Oikawa glanced his watch as he mentally scowled at Iwa-chan for being 0.2 seconds late to the designated rendezvous. He couldn't bear standing in the stadium - seats gradually filling up and his sweat intensifying - without his beloved Iwaizumi offering his unconditional support and equally as valuable snide remarks. In mere moments, an army of athletes entered with their toned muscles glistening in the early morning sunlight. Although their eyes varied with a multitude of colours, the look in them was the same. The hungry desire for success in the annual Hanasupotsu Festival in the Miyagi Prefecture where the best players from all sports came to face off against each other.
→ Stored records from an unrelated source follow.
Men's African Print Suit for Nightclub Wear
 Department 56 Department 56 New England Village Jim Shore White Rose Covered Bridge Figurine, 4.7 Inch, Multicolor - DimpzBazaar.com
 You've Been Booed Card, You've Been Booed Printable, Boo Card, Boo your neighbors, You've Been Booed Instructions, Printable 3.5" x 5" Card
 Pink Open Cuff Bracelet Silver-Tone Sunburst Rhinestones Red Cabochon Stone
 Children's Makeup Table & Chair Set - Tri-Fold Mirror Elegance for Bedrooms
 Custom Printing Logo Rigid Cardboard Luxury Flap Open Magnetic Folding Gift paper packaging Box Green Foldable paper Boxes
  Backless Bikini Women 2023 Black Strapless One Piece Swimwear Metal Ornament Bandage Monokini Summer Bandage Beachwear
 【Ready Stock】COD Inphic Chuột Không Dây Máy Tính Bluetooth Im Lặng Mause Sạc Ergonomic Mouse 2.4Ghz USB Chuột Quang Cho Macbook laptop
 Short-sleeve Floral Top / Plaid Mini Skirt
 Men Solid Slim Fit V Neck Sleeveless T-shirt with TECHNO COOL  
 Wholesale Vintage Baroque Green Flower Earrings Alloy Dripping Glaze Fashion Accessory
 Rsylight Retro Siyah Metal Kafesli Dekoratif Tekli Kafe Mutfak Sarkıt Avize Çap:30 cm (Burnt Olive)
Several minutes had passed and Iwa-chan was about as visible as the atoms inhabiting the air.
What was peculiar about this festival though, was its exclusivity to ball sports. Basketball, netball, football, even badminton and tennis and of course, volleyball alongside several others were celebrated and regarded as the sports where an individual could "blossom" like flowers in harmony with the ball. Every year, the festival commenced with the renowned Ball Relay. All participants would line up around the track with a 10m distance in between each person and would run to the succeeding player and then throw the ball to them. Since the track was 400m, only 40 people could participate at any given time and so it was carried out several times in accordance to the number of attendants to the festival. It mirrored the great Olympic Torch Relay - a sped up version that travelled between people rather than countries. Focusing on elegance and style instead of speed, athletes were not limited to simply throwing the ball to the next person and the years gave way to some elaborate schemes. A notorious case was the dreaded "Watermelon Incident". Nakatomi Masaki, a netballer in his wild youth, must have had a eureka moment when he came up with the ingenious idea to balance a watermelon upon his head whilst holding the ball in his arms for his section of the Ball Relay. It was not the actual balancing act that was a cause of concern in this peculiar event. His balance was on par with a boat on water. Somewhere along the way, the intense adrenaline must have confused his brain cells to the extent that instead of throwing the ball, he threw the watermelon. This was an action most disliked by Ikeda Mika (the player in front) and his face. When questioned (repetitively) about his actions, he shrugged and plainly said: "I was just having too much fun." Another case was the use of a unicycle during the relay. Concerns over if this was a violation of the rules were raised but one thing was made certain.
If the crowd enjoyed it, the Ball Relay was a success. As the event that kick-started the festival, it had to be a success. There was no other choice.
Nearby, a fishy commotion started to grow. The main attraction that had captured the attention of the crowd was not the toned muscles of the athletes, but a certain mackerel.
"But this is no ordinary mackerel!", the mayor would proclaim as he stroked his moustache for the cameramen. And he was correct, for this was a Rainbow Mackerel - a species thought to be as alive as the dodo bird. When its scales were met with sunlight, like a shard of glass or a mirror, it would refract the light producing a beautiful rainbow effect across its body. For such a spectacular sight, it was inevitable that it would be met with awe.
"How did you find it?", demanded someone.
"Well um - it's a fish so I... fished for it," the mayor replied, picking at his grubby nails.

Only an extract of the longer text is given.